» What you need to do
Repeat all of the data below word for word, keeping no images.

» Provided material

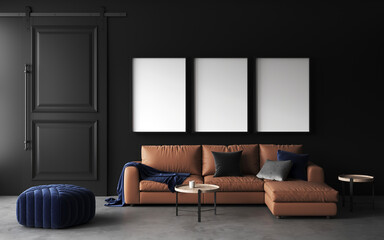3d rendering of modern living room with leather brown sofa, coffee table, black barn door, decorative pillows. Empty white frame for art on wall. Frame mockup. 3d rendering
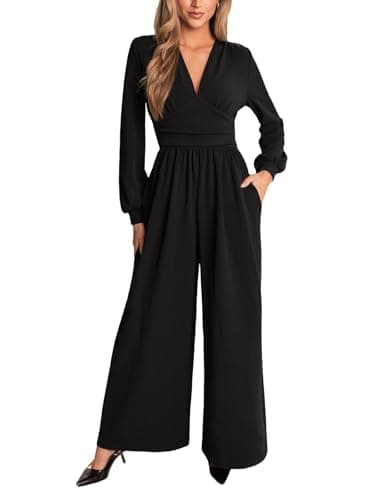 Image of CUPSHE Womens Jumpsuit Plunging V Neck Long Puff Sleeve Overall Wide Leg Elegant Playsuit with Pockets Black M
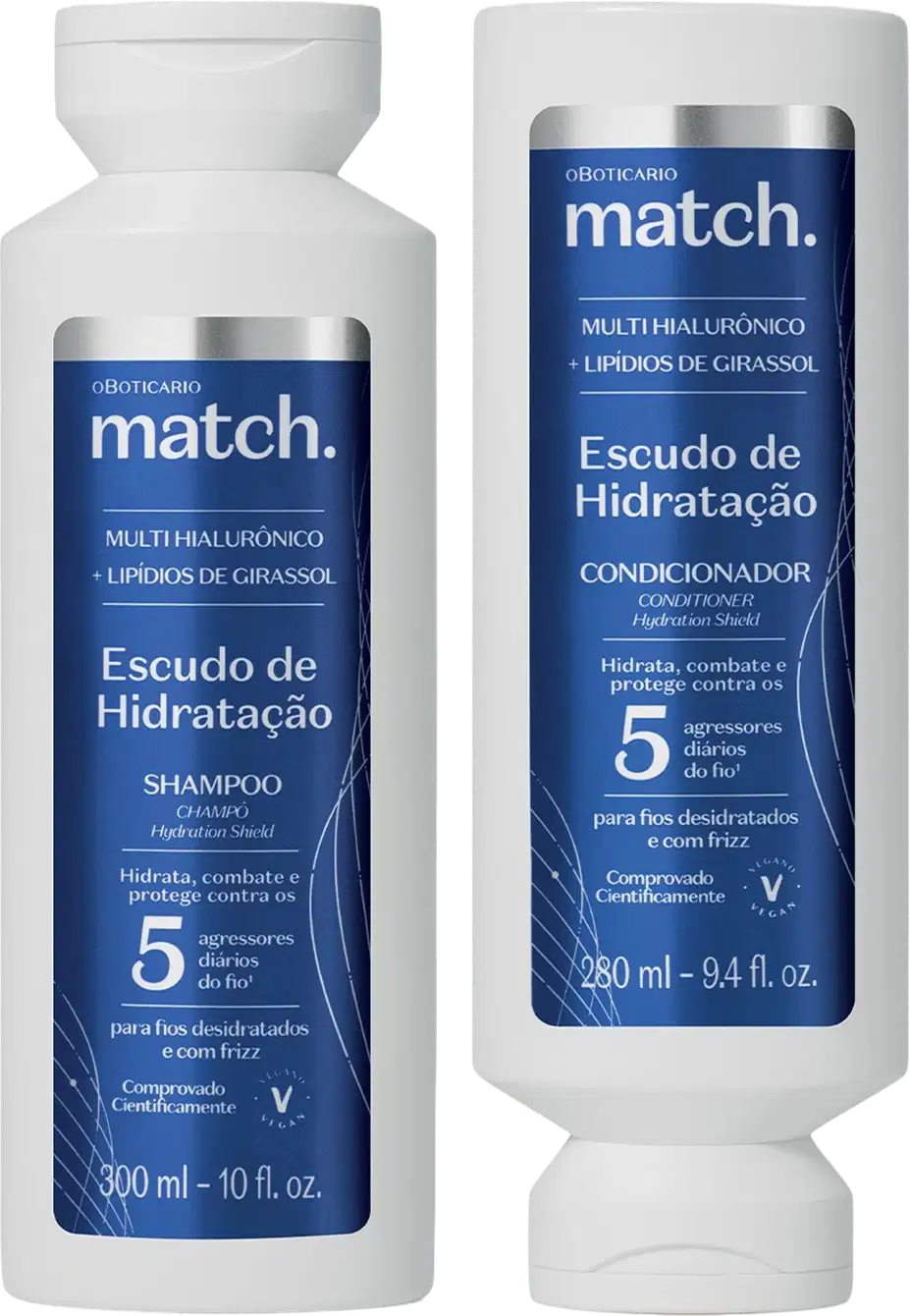 Dois frascos brancos da linha Match, um contendo shampoo e outro condicionador, com rótulos azuis destacando os ingredientes e benefícios do produto, como multi hialurônico e lípidos de girassol.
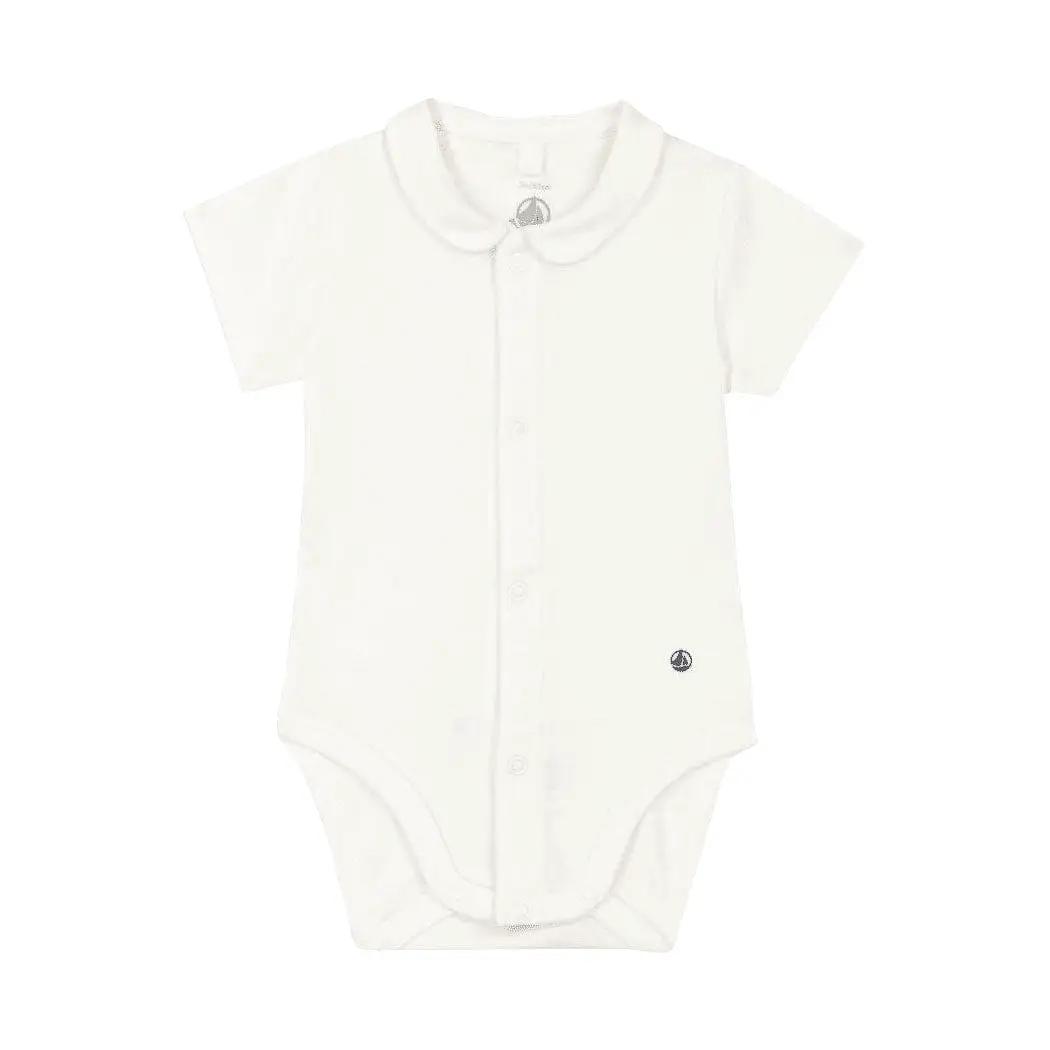 Petit Bateau Baby Short Sleeve Bodysuit Onesie With Collar - White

» Solution
3d rendering of modern living room with leather brown sofa, coffee table, black barn door, decorative pillows. Empty white frame for art on wall. Frame mockup. 3d rendering
 Image of CUPSHE Womens Jumpsuit Plunging V Neck Long Puff Sleeve Overall Wide Leg Elegant Playsuit with Pockets Black M
 Dois frascos brancos da linha Match, um contendo shampoo e outro condicionador, com rótulos azuis destacando os ingredientes e benefícios do produto, como multi hialurônico e lípidos de girassol.
 Petit Bateau Baby Short Sleeve Bodysuit Onesie With Collar - White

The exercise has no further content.